Lenin berkata, “Kebebasan sejati hanya dapat lahir ketika manusia tidak lagi dieksploitasi oleh manusia lain, ketika alat produksi menjadi milik bersama.” Namun untuk mencapai masyarakat semacam itu, perlu perubahan sosial yang mendasar. Dalam perjuangan untuk masa depan komunisme inilah diperlukan sebuah partai revolusioner. Sebuah kepemimpinan revolusioner proletar yang mewarisi ingatan lintas-generasi dan mendidik kaum muda proletar menjadi kader-kader revolusioner yang akan mendedikasikan sepenuh hidupnya untuk kemenangan revolusi sosialis dunia.
Sisa-sisa feodal di ranah kebudayaan masih bertahan dalam dunia kapitalisme. Dalam masyarakat kapitalisme yang sedang sekarat ini, mistisisme itu mengambil bentuk yang paling merosot yang terekspresikan dalam gudang teoritis postmodernisme. Pemikiran yang mendasarkan dirinya pada idealisme subyektif ini mengandung pesimisme yang begitu akut, menolak perubahan mendasar menuju kehidapan yang lebih tinggi, dan memenjarakan perkembangan kognisi dan kebudayaan manusia dalam akrobat kata-kata radikal yang abstrak dan absurd.
Mistisisme yang merupakan musuh utama dari rasionalisme Abad Pencerahan–yang berhasil ditenggelamkan oleh kekuatan progresif dari liberalisme borjuasi di masa jayanya–dalam zaman krisis kapitalisme ini bangkit sebagai sampah-sampah lama yang mengambil bentuk baru. Inilah postmodernisme yang meracuni perkembangan pengetahuan manusia. Pemikirian mistis modern ini membuat masyarakat cenderung menerima keadaan sosio-ekonomi sebagai semacam “takdir” atau “hukum alam”; di mana tugas umat manusia adalah menyesuaikan diri untuk dapat menerimanya, bukan menempuh perjuangan revolusioner untuk mengubahnya sampai ke akar-akarnya. Dalam “Madilog”, Tan Malaka menulis: “selama manusia berpikir mistik, ia tetap menjadi budak keadaan.” Oleh karena itu, perjuangan menuju sosialisme bukan hanya perjuangan ekonomi, tetapi juga perjuangan ideologis–perjuangan melawan cara berpikir yang tidak ilmiah, tidak rasional, dan tidak dialektis. Melawan logika mistika berarti menempuh perjuangan revolusioner, yang materialis dan dialektis: bahwa kemiskinan, ketimpangan, dan penindasan bukan disebabkan oleh kehendak gaib, melainkan oleh sistem produksi dan kepemilikan yang menindas–semua ini bisa diubah, akan hancur dan musnah menjadi abu, digantikan oleh kehidupan yang baru dan lebih tinggi, asalkan kita berjuang secara sadar-kelas dan terorganisir kuat dalam pembangunan kepemimpinan revolusioner untuk revolusi proletar, sosialisme dunia.

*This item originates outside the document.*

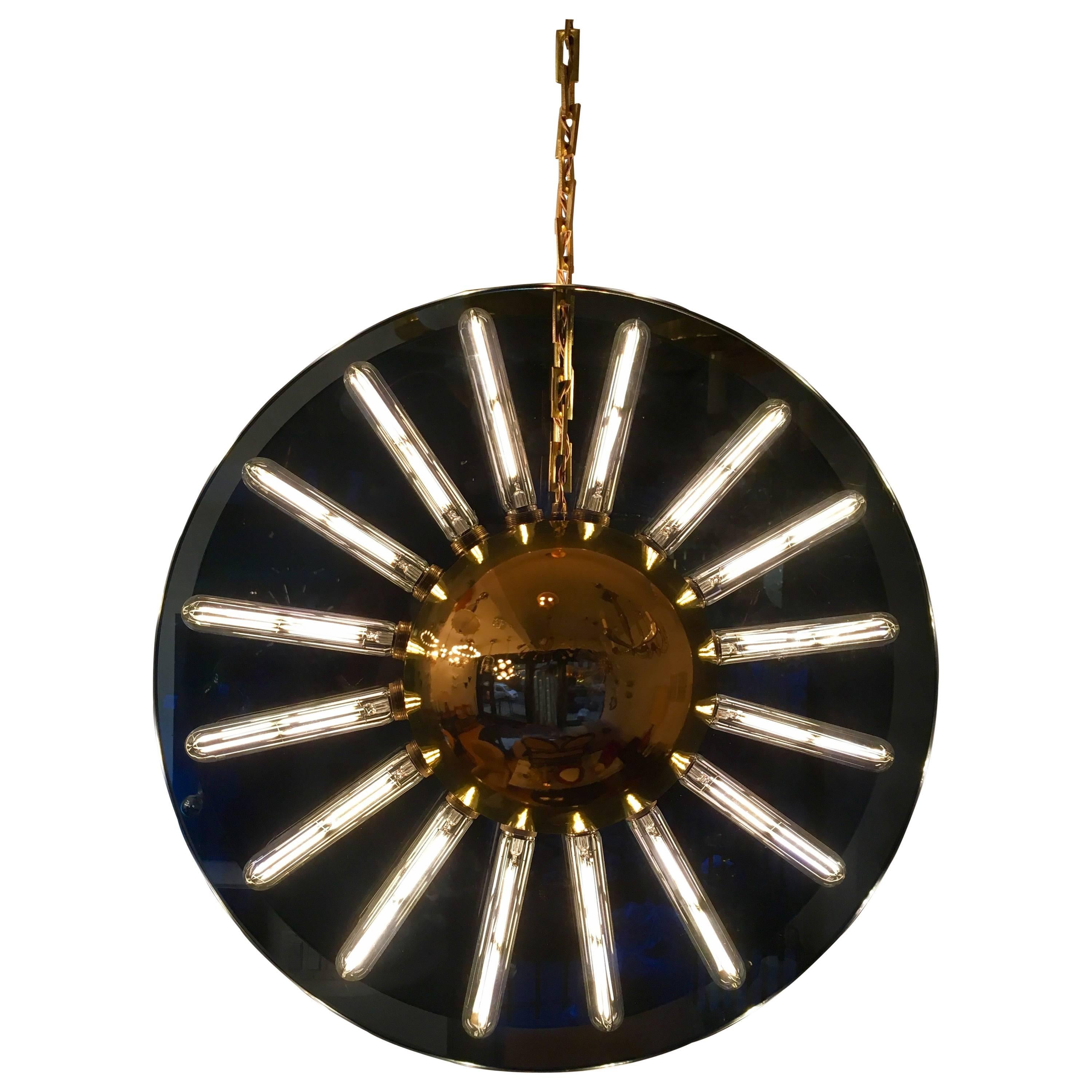 Lampe à suspension moderne italienne en verre Saturno des années 1980 en vente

Dalam konteks ini, kritik materialis terhadap idealisme menjadi senjata teoritis: ia membongkar ilusi yang menutupi kontradiksi sosial antagonis kapitalisme. Ideologi borjuis dan sisa-sisa feodal hanya bisa dilawan dengan berpedoman pada teori revolusioner yang merupakan senjata ideologi dan politik dalam perjuangan untuk membangun kepemimpinan revolusioner kaum buruh. Dengan kata lain: melawan logika mistika bukan hanya sekedar perjuangan teori, tetapi sekaligus terikat dengan pembangunan organisasi revolusioner sebagai sekolah politik dan kendaraan tempur dalam perjuangan kelas yang ada. Kesadaran revolusioner hanya dapat direngkuh dalam perjuangan kelas revolusioner untuk menghakhiri masyarakat kapitalisme. Artinya: pembangunan organisasi revolusioner menjadi satu-satunya jalan dalam mencapai pengetahuan yang lebih tinggi dan lebih maju–inilah pengetahuan akan sebuah masyarakat baru, yang lebih beradab dan lebih manusiawi.

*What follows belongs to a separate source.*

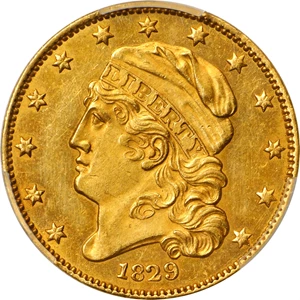 image for: 1829 Capped Head Left Half Eagle. Reduced Diameter. BD-2. Rarity-7. MS-62 (PCGS). CAC.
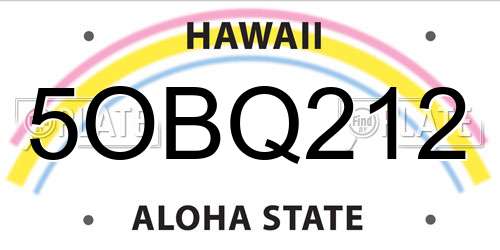 5OBQ212 Hawaii License Plate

Dalam “Revolusi yang Dikhianati”, Trotsky menerangkan bahwa sosialisme yang sejati bukan sekadar redistribusi kekayaan, tetapi pembebasan potensi manusia dari semua bentuk ketundukan baik terhadap kapital maupun terhadap kebodohan yang diinstitusikan. Ia menulis: “tujuan sosialisme bukan hanya meningkatkan produksi, tetapi juga membebaskan manusia dari perbudakan mental dan spiritual.” Oleh karena itu, melawan logika mistika berarti membangun pendidikan yang benar-benar maju, budaya yang benar-benar ilmiah, dan kesadaran baru yang dapat membantu umat manusia memahami posisi mereka dalam struktur sosial yang ada dan mengambil peran tertentu yang dapat memajukan sejarah masyarakatnya. Ini mencakup pembebasan ilmu-pengetahuan dari dogma, seni-budaya dari mistisisme, dan filsafat dan politik dari keranjingan mitos borjuasi. Dalam arti ini, sosialisme bukan hanya ekonomi baru, tetapi juga cara berpikir baru yang lahir dari keberadaan material yang sedang berubah.
Akhirnya, masyarakat yang dicita-citakan oleh kami dan pendahulu kami–Marx, Engels, Lenin, Trotsky, dan Tan Malaka–adalah masyarakat komunis di mana setiap manusia memiliki akses setara atas alat produksi, di mana ilmu-pengetahuan dapat berkembang bebas untuk menggantikan belenggu takhayul, solidaritas menggantikan kompetisi, dan kesadaran menggantikan kenaifan berabad-abad lamanya. Di masyarakat semacam itu, hubungan antar-manusia tidak lagi dimediasi oleh uang atau hierarki, melainkan oleh kerjasama dan kemanusiaan dalam tingkatannya yang lebih tinggi. Marx mengabadikan cita-cita ini dalam pernyataan yang menggugah dan indah: “dari masing-masing menurut kemampuannya, kepada masing-masing menurut kebutuhannya.” Inilah masyarakat yang benar-benar bebas sepenuh-penuhnya–bukan kebebasan atas kepemilikan pribadi terhadap tanah dan modal yang beraneka, tetapi kebebasan yang bersumber dari penguasaan massa manusia terhadap segala sarana material kehidupannya sendiri, yang di atasnya kesadaran dan solidaritas mekar dan berjaya untuk mengangkat daging dan kemanusiaan kita yang menderita ke tingkat peradaban yang sejati, murah-hati dan manusiawi.